Here, I manually invoke each line of the script to see what’s going on:
[rsyncer@dbclone ~]$ /bin/sh $ BACKUPDIR=${HOME}/backups/aws-1 $ $ IDENTITY_FILE_RSYNC=${HOME}/.ssh/id_ed25519 $ SERVER_TO_RSYNC=aws-1.vpn.unixathome.org $ $ cd ${BACKUPDIR} $ /usr/local/bin/rsync -e "/usr/bin/ssh -i ${IDENTITY_FILE_RSYNC}" --recursive -av --stats --progress --exclude 'archive' ${SERVER_TO_RSYNC}:/ ${BACKUPDIR} bash: line 1: /usr/local/sbin/rrsync: cannot execute: required file not found rsync: connection unexpectedly closed (0 bytes received so far) [Receiver] rsync error: error in rsync protocol data stream (code 12) at io.c(231) [Receiver=3.3.0]
Oh. WTF?
Now let’s look at the command being run back on aws-1.
The aws-1 command
Back on aws-1, we have this ~/.ssh/authorized_keys entry:
from="192.0.2,191.0.2.140",command="/usr/local/sbin/rrsync /home/rsyncer/backups/database-backup" ssh-ed25519 AAAAC3NzaC1lZDI1NTE5AAAAILcVvbs7FiGm1rmo5OxroXDlY7cytxh4Su8ZYz2u/TB2 rsyncer@dbclone.int.unixathome.org
Why the IP address twice? This host cannot resolve that IP address to a hostname. Although I see now there is an entry in /etc/hosts for that IP address.
This authorized_keys entry is similar to what we saw earlier.
By now, and I should have suspected this earlier, I’m looking at /usr/local/sbin/rrsync. Let me see:
$ ls -l /usr/local/sbin/rrsync -r-xr-xr-x 1 root wheel 12865 Apr 28 04:18 /usr/local/sbin/rrsync
Yeah, it’s there. Looking:
[rsyncer@aws-1 ~]$ file /usr/local/sbin/rrsync /usr/local/sbin/rrsync: Python script, ASCII text executable [rsyncer@aws-1 ~]$ head /usr/local/sbin/rrsync #!/usr/local/bin/python3.9 # Restricts rsync to subdirectory declared in .ssh/authorized_keys. See # the rrsync man page for details of how to make use of this script. # NOTE: install python3 braceexpand to support brace expansion in the args! # Originally a perl script by: Joe Smith30-Sep-2004 # Python version by: Wayne Davison [rsyncer@aws-1 ~]$
Yeah, well, it’s python.
And I just updated Python on this host
I recently moved from Python 3.9 to Python 3.11 on this host:
[rsyncer@aws-1 ~]$ ls -l /usr/local/bin/python3.9 ls: /usr/local/bin/python3.9: No such file or directory [rsyncer@aws-1 ~]$ pkg info -x python py311-python-dateutil-2.9.0 python-3.11_3,2 python3-3_4 python311-3.11.9_1
Will reinstall bring in the right header?

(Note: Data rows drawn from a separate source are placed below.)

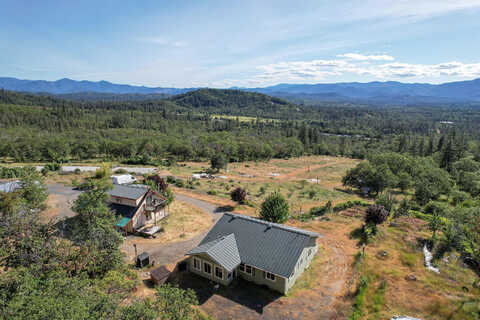 Schoolhouse Creek, GRANTS PASS, OR 97526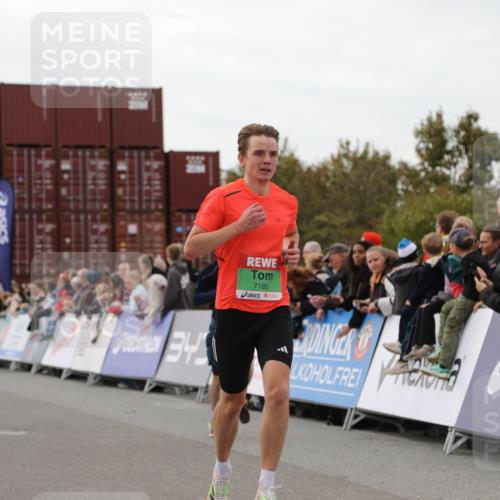03.10.2025 - Köhlbrandbrückenlauf Yannick Fuchs http://msf.ph/oto/8987577 03.10.2025 15:59:52 Ziel 7165, 7185, 7269, 7450, 8915, 9101 meine-sportfotos.de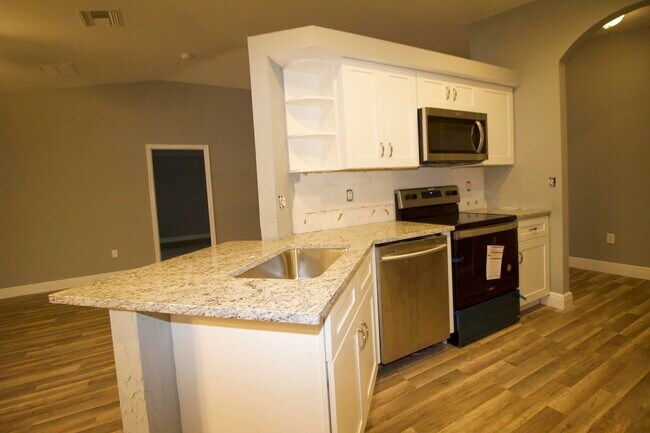 Building Photo - 5086 Rambler Rose Way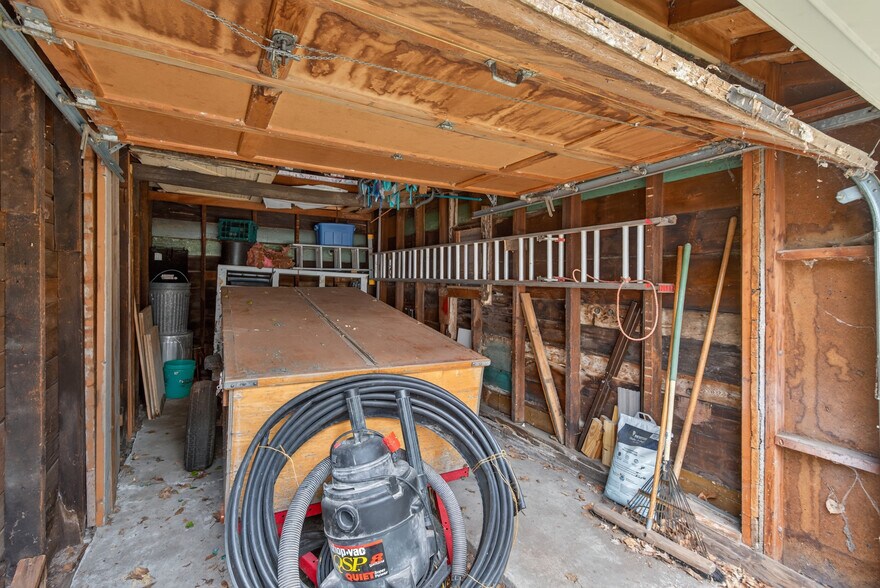 More Photos Of 446 Madison St NE, Minneapolis Multifamily For Sale
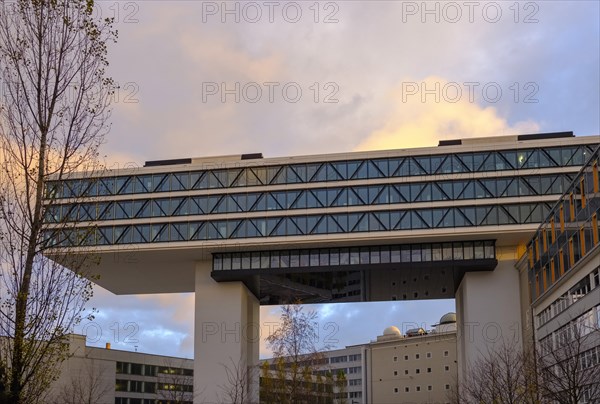 Media bridge Upside East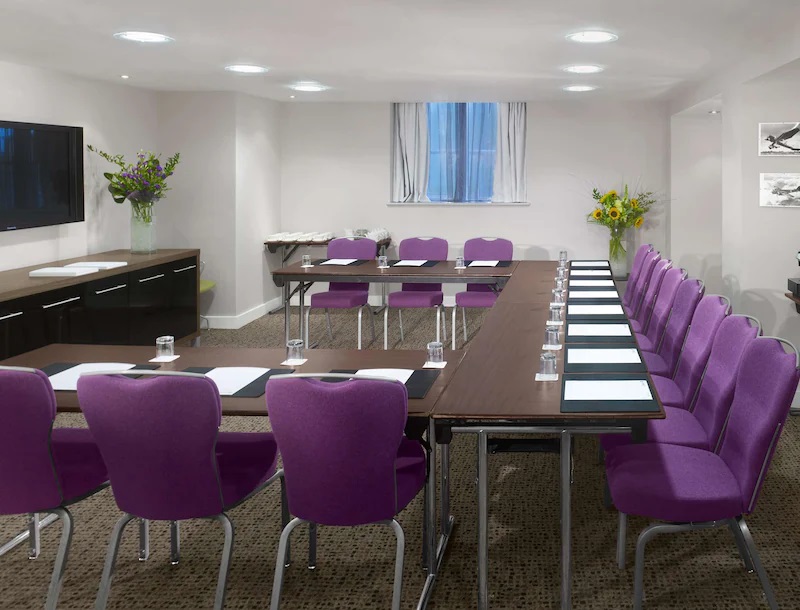 Modern Pegasus and Phoenix Suite at Radisson Blu, Bristol; ideal for corporate meetings.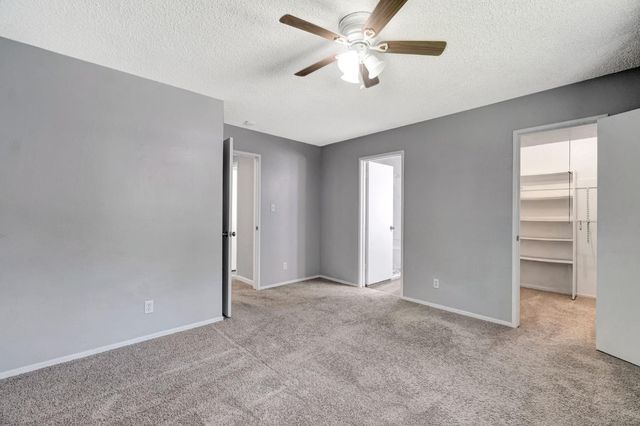 4887 E Pico Avenue, Fresno, CA 93726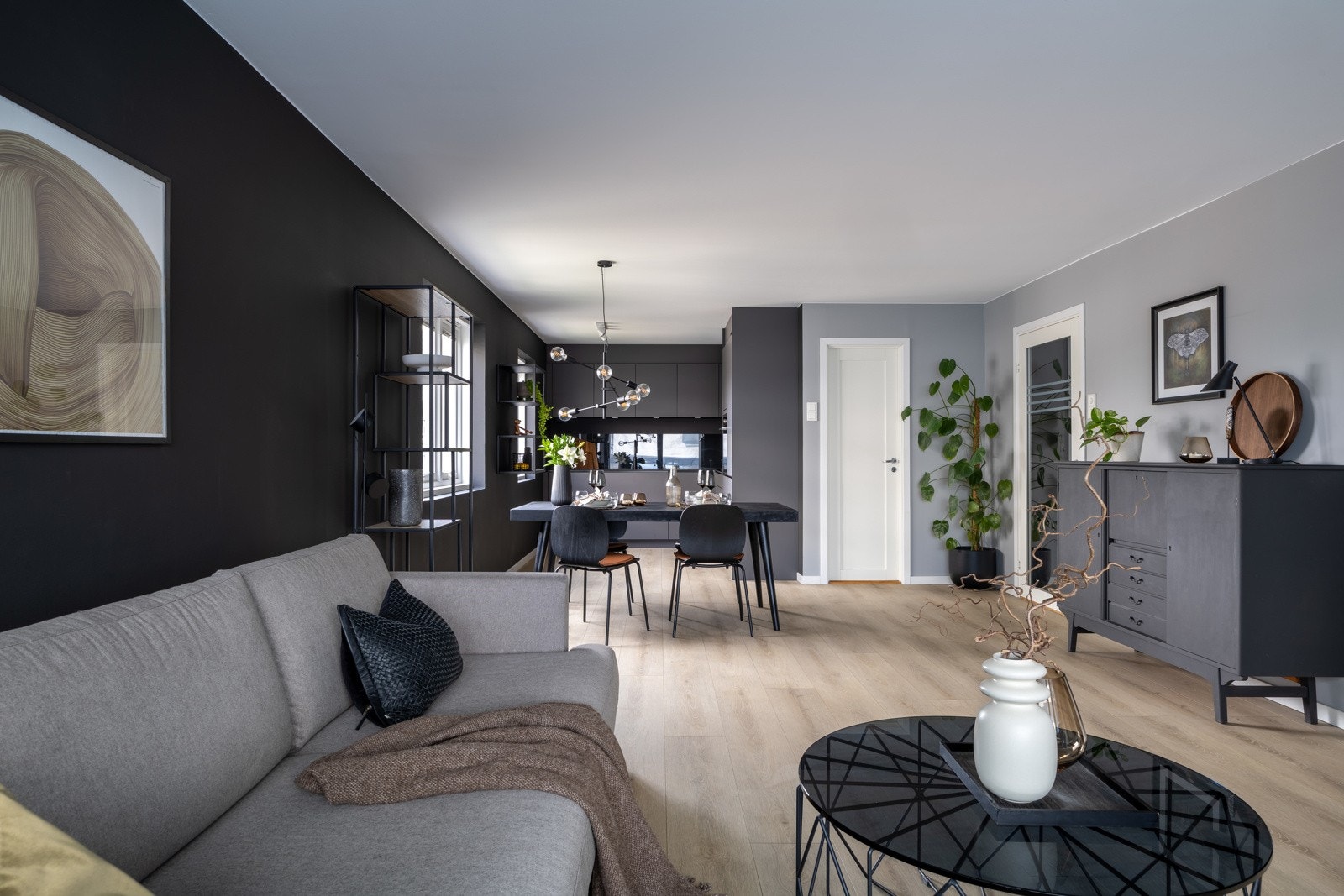 Leiligheten er belagt med et lekkert laminatgulv. Dagens laminat ser ut som parkett, men tåler mer slitasje. Galleribilde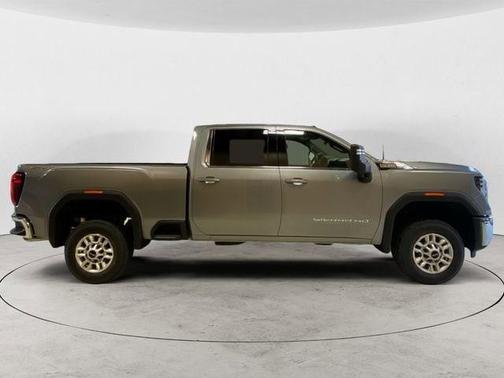 2026 GMC Sierra 2500 SLE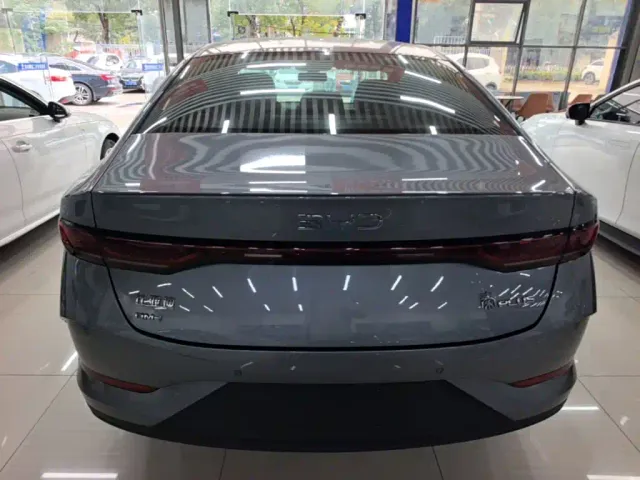 BYD Qin PLUS — Фото автомобиля 5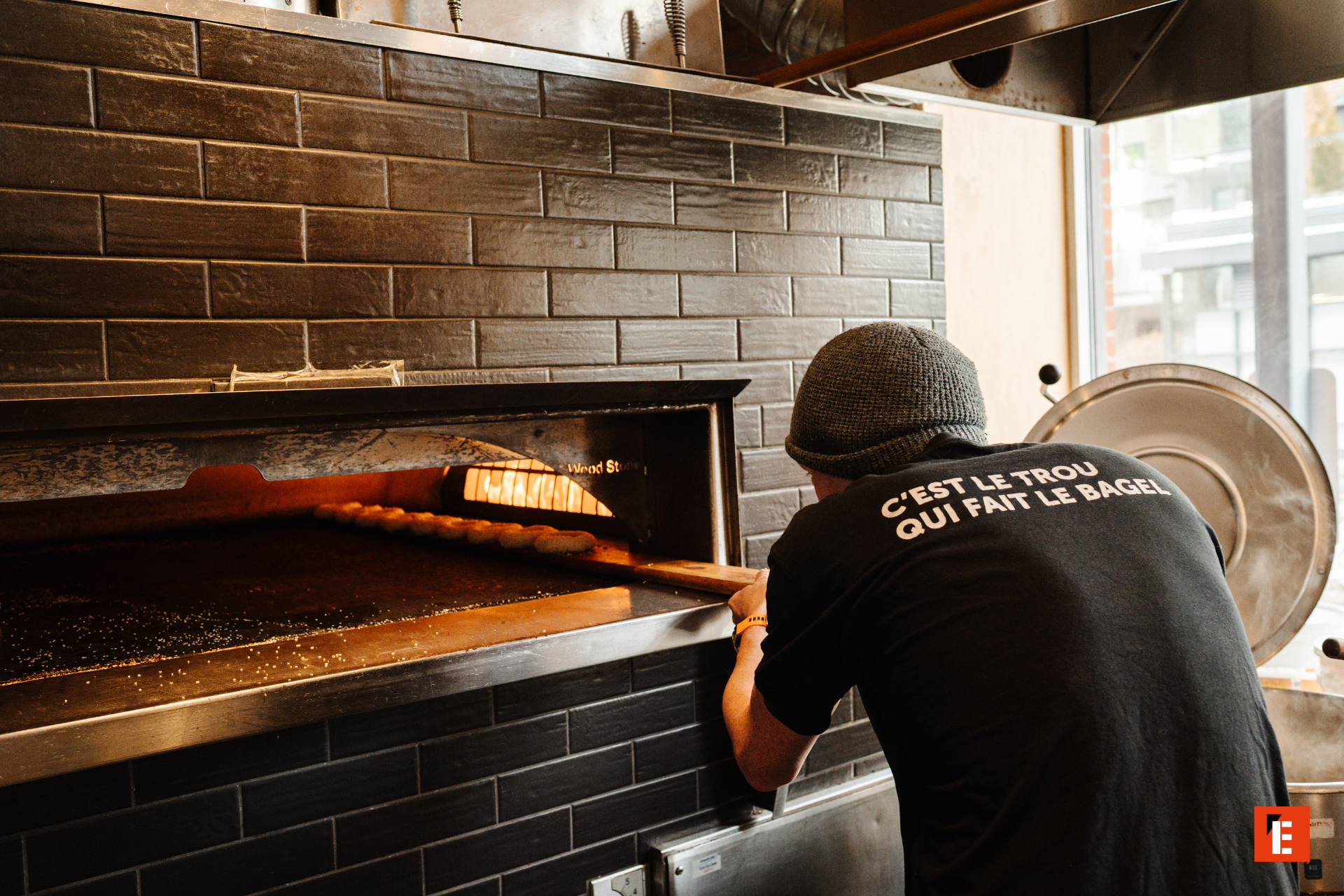 artisan sort des bagels chauds du four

[12:43 aws-1 dan ~] % sudo pkg install -f rsync Updating local repository catalogue... Fetching meta.conf: 100% 178 B 0.2kB/s 00:01 Fetching data.pkg: 100% 305 KiB 312.7kB/s 00:01 Processing entries: 100% local repository update completed. 1123 packages processed. All repositories are up to date. The following 1 package(s) will be affected (of 0 checked): Installed packages to be REINSTALLED: rsync-3.3.0 Number of packages to be reinstalled: 1 385 KiB to be downloaded. Proceed with this action? [y/N]: y [1/1] Fetching rsync-3.3.0.pkg: 100% 385 KiB 394.2kB/s 00:01 Checking integrity... done (0 conflicting) [1/1] Reinstalling rsync-3.3.0... [1/1] Extracting rsync-3.3.0: 100% [12:43 aws-1 dan ~] % head 1 head /usr/local/sbin/rrsync head: 1: No such file or directory head: head: No such file or directory ==> /usr/local/sbin/rrsync <== #!/usr/local/bin/python3.11 # Restricts rsync to subdirectory declared in .ssh/authorized_keys. See # the rrsync man page for details of how to make use of this script. # NOTE: install python3 braceexpand to support brace expansion in the args! # Originally a perl script by: Joe Smith30-Sep-2004 # Python version by: Wayne Davison [12:44 aws-1 dan ~] %
Success!
Run it!
Here we go!
[rsyncer@aws-1 ~/bin]$ /usr/bin/ssh -i ${HOME}/.ssh/id_ed25519.dump dbclone.int.unixathome.org rsync-backup-from-aws-1-dump.sh receiving incremental file list postgresql/
That’s still in progress.
Talk about a better shebang
So why not use /usr/local/bin/python instead of /usr/local/bin/python3.9
Good question.
That fix is handled by shebangfix and this line:
SHEBANG_FILES= support/rrsync
… in net/rsync/Makefile
I’m not sure why it works the way it does.
Why ssh, then rsync
You might ask:
Why do the rsync from the destination (pull) and not from the source (push).
This is to protect the destination, at home, in my basement. If the source gets compromised, all they can do is run another rsync.
So why not run the rsync from the destination anyway? Why invoke it from the source?
Timing.
I want the rsync run when the backup is done. The simple way to know when it’s done is to let the remote host run it right after the dump.
It’s done
While typing the above, it finished:
[rsyncer@aws-1 ~/bin]$ /usr/bin/ssh -i ${HOME}/.ssh/id_ed25519.dump dbclone.int.unixathome.org rsync-backup-from-aws-1-dump.sh receiving incremental file list postgresql/ postgresql/freshports.org.dump 3,610,129,659 100% 21.45MB/s 0:02:40 (xfr#1, to-chk=1/4) postgresql/globals.sql 3,963 100% 4.88kB/s 0:00:00 (xfr#2, to-chk=0/4) Number of files: 4 (reg: 2, dir: 2) Number of created files: 0 Number of deleted files: 0 Number of regular files transferred: 2 Total file size: 3,610,133,622 bytes Total transferred file size: 3,610,133,622 bytes Literal data: 349,726,356 bytes Matched data: 3,260,407,266 bytes File list size: 141 File list generation time: 0.001 seconds File list transfer time: 0.000 seconds Total bytes sent: 480,719 Total bytes received: 350,029,118 sent 480,719 bytes received 350,029,118 bytes 2,080,177.07 bytes/sec total size is 3,610,133,622 speedup is 10.30 [rsyncer@aws-1 ~/bin]$
More importantly, Nagios is also happy: ** RECOVERY alert – dbclone/check_backup_files PRIMARY is OK **
Thank you for coming to my TED talk.